4. Dal film al libro: la memoria scritta da Claudio Fava
Il film ha avuto anche una trasposizione letteraria: il giornalista e sceneggiatore Claudio Fava, figlio del giornalista Pippo Fava ucciso dalla mafia a Catania nel 1984, ha scritto il libro I cento passi, edito da Mondadori. Il testo non è una semplice novelization del film, ma un ampliamento della sceneggiatura, che aggiunge riflessioni, testimonianze, contesto politico e psicologico. Il libro è uno strumento prezioso per chi voglia comprendere più a fondo non solo la figura di Peppino Impastato, ma anche la Sicilia degli anni ’70, la forza del movimento antimafia e l’ipocrisia di certi silenzi istituzionali.

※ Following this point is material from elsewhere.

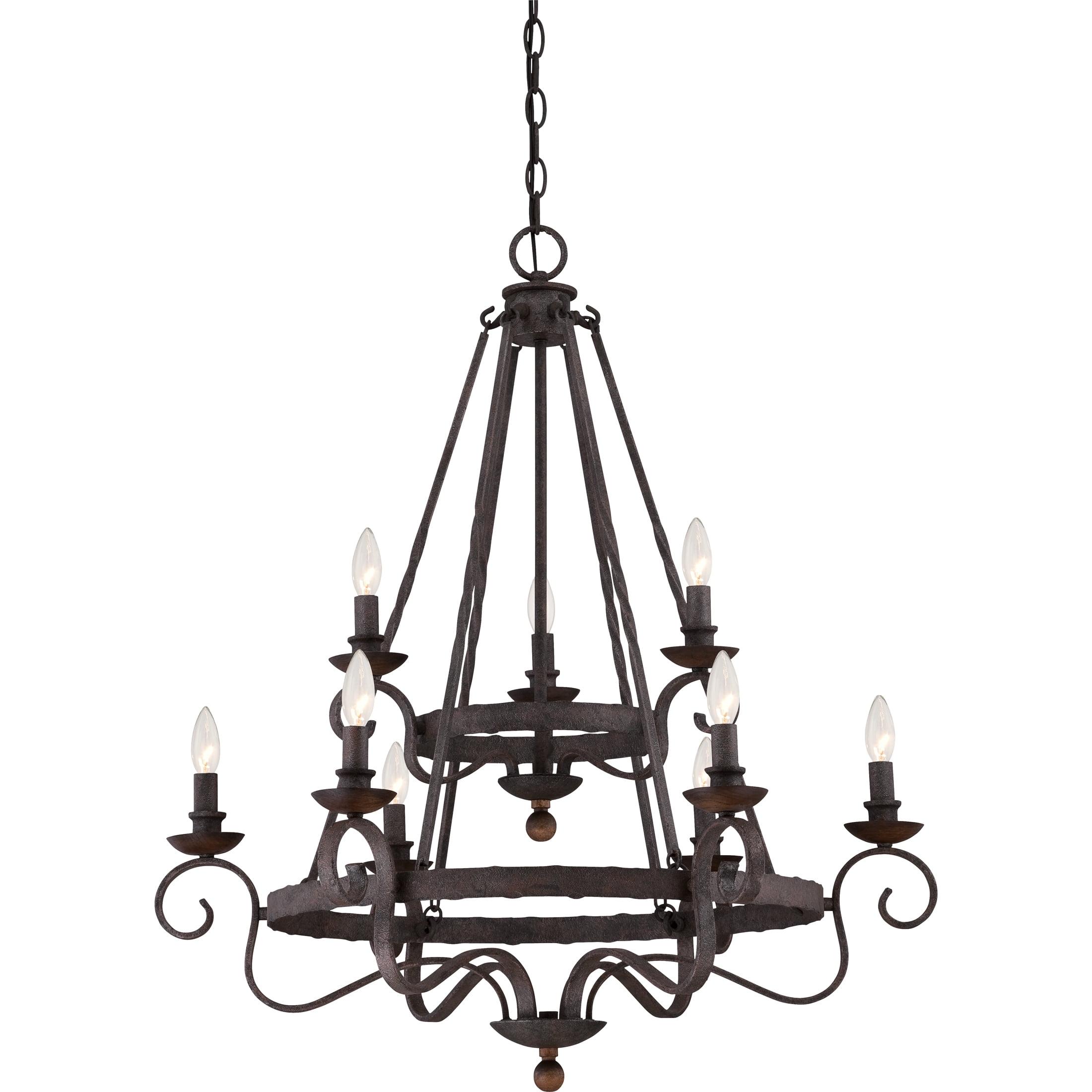 Noble Rustic Black Hammered Metal 32" Chandelier with Walnut Accents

5. I cento passi a scuola: un caso didattico esemplare

Il valore educativo del film è riconosciuto ormai da anni. I cento passi viene proiettato regolarmente nelle scuole medie e superiori italiane, spesso in occasione della Giornata della memoria e dell’impegno in ricordo delle vittime innocenti di mafia. Esistono schede didattiche realizzate da associazioni antimafia, fondazioni e ministeri — tra cui il MIUR — che guidano studenti e docenti nella comprensione del film, ponendo domande sulla legalità, sul coraggio civile, sull’omertà e sull’uso dei media come strumento di resistenza. L’opera permette agli insegnanti di affrontare, in modo emotivamente coinvolgente, concetti complessi come l’impegno civile, il sacrificio personale, la lotta alla criminalità organizzata, e lo fa con un linguaggio accessibile ma mai semplificato.

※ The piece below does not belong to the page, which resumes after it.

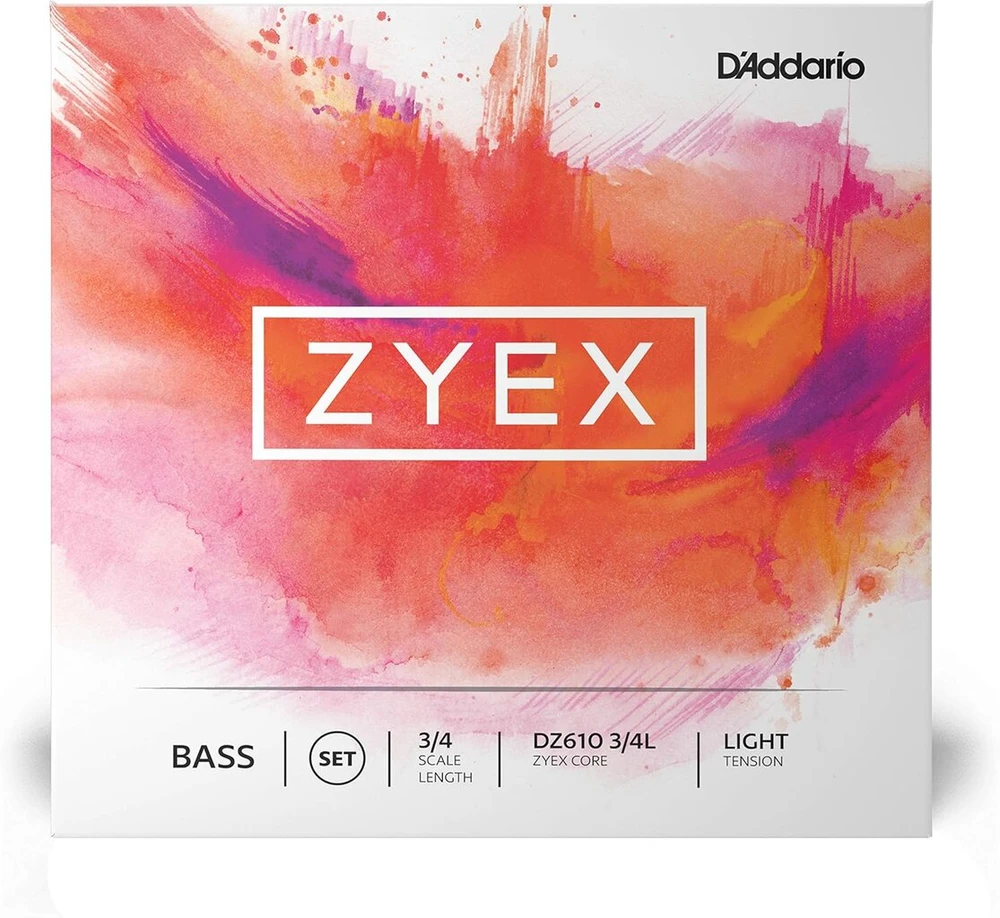 D'addario Zyex 3/4 Scale Light Tension bosinių stygų komplektas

6. Un film di impegno civile pluripremiato
I cento passi ha ricevuto numerosi riconoscimenti, tra cui il David di Donatello per la miglior sceneggiatura e il premio per il miglior attore protagonista a Luigi Lo Cascio, che con questo ruolo ha esordito al cinema. Il film è un esempio emblematico di cinema civile: racconta la verità con rigore storico e passione narrativa, unendo denuncia e poesia. Giordana non idealizza Peppino, ma lo mostra come un ragazzo complesso, determinato ma anche fragile, con relazioni familiari conflittuali e un senso profondo di giustizia. Ancora oggi, a oltre vent’anni dalla sua uscita, il film mantiene intatta la sua forza: un promemoria visivo e narrativo di quanto la memoria sia un atto politico e un dovere civile.